Higher classification Bivalvia
Scientific name Hippuritoida
|Similar Bivalvia, Hippurites, Molluscs, Forams, Ammonites|
Cave with rudists wmv
Rudists are a group of box-, tube-, or ring-shaped marine heterodont bivalves that arose during the Late Jurassic and became so diverse during the Cretaceous that they were major reef-building organisms in the Tethys Ocean.
The Late Jurassic forms were elongate, with both valves being similarly shaped, often pipe or stake-shaped, while the reef-building forms of the Cretaceous had one valve that became a flat lid, with the other valve becoming an inverted spike-like cone.
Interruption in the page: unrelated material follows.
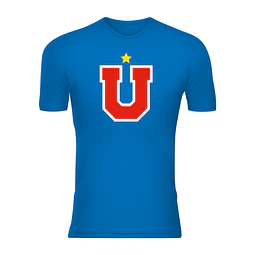 Polera Unisex 100% Poliéster Universidad de Chile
The size of these conical forms ranged widely from just a few centimeters to well over a meter in length.
Their "classic" morphology consisted of a lower, roughly conical valve that was attached to the seafloor or to neighboring rudists, and a smaller upper valve that served as a kind of lid for the organism. The small upper valve could take a variety of interesting forms, including: a simple flat lid, a low cone, a spiral, and even a star-shaped form (Johnson, 2002).
Fossil range and extinction
The rudists became extinct at the end of the Cretaceous, apparently as a result of the Cretaceous–Paleogene extinction event. It had been thought that this group began a decline about 2.5 million years earlier which culminated in complete extinction half a million years before the end of the Cretaceous (Johnson, 2002). However, evidence now suggests that rudists survived until the mass extinction event and perished in it (Steuber et al. 2002).
The rudists are, according to different systematic schemes, placed in the orders Hippuritoida or Rudistes (sometimes Rudista).
The classification of rudists as true reef-builders is controversial because they would catch and trap lots of sediment between their lower conical valves; thus, rudists were not completely composed of biogenic carbonates as a coral would be. However, rudists were one of the most important constituents of reefs during the Cretaceous Period. During the Cretaceous, rudist reefs were so successful that they drove scleractinian corals out of many tropical environments, including shelves that are today the Caribbean and the Mediterranean. It is likely that their success as reef builders was at least partially due to the extreme environment of the Cretaceous. During this period tropical waters were between 6 and 14 C° warmer than today and also more highly saline, and while this may have been a suitable environment for the rudists, it was not nearly so hospitable to corals and other contemporary reef builders (Johnson, 2002). These rudist reefs were sometimes hundreds of meters tall and often ran for hundreds of kilometers on continental shelves; in fact at one point they fringed the North American coast from the Gulf of Mexico to the present-day Maritime Provinces. Because of their high porosity, rudist reefs are highly favored oil traps.